Flathead, a perennial speech powerhouse, placed third last year at the Class AA tournament.
This season, under new head coach Shannon O’Donnell, Flathead’s varsity team has earned one tournament championship, three second places and one third place.
O’Donnell noted that third-place finish in Bozeman Jan. 12 was just 20 points away from Glacier’s first-place sweepstakes score.
“To have it be so close is kind of exciting,” O’Donnell said. “I’m looking forward to the tight competition with Glacier.”
She said the young team members are putting in as many hours as they can into practice before state.
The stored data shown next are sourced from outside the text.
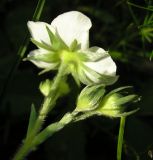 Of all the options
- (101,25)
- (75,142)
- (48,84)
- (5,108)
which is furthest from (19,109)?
(101,25)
“The team’s biggest asset this year that’s kept us in the game is a young team with a really strong work ethic,” O’Donnell said. “They really practice hard, work hard, are open to constructive criticism. Basically, they are one of the most easily coachable groups that I’ve coached in a long time.”
It was a slow start in rebuilding the team at the start of the season.
“We were really down in numbers when the season started. We had about 40. I’m really proud of the way the team helped recruit,” O’Donnell said, noting that the team eventually rose to 121 members.
This is O’Donnell’s first year as head speech coach. From 2000 to 2002, she was assistant coach alongside Greg Adkins (then the Flathead coach, now coaching rival Glacier). Her first time coaching speech was at Butte for six years.
“It came with the job,” said O’Donnell, an English teacher. “But I love it.”
There are 36 Flathead competitors entered in the 42 events at state.
O’Donnell listed some of the top competitors expected to lead Flathead at state: Karl Boveng, senior, Humorous Interpretation and Serious Interpretation; Glenn Strickler, junior, Expository Speaking; and what O’Donnell described as a “good one-two punch,” senior Legislative Debaters Barrie Sugarman and Serena Brosten.
Boveng was the top scorer for Flathead this season.
His Humorous Interpretation piece, “Bobby Wilson Can Eat His Own Face,” is a one-act play. His Serious Interpretation is titled “Hands of My Father,” a memoir by Myron Uhlberg.
“It’s really abstractly structured acting, which is fun,” Boveng said.
Strickler has placed first or second place in Expository Speaking throughout the season, O’Donnell said. Strickler’s performance is titled “The Significance of Kinesthetics.”
Strickler, also a tennis player, said likes the idea of perfecting the details to execute a particular speech.
“I realized there’s so much you can work on,” Strickler said.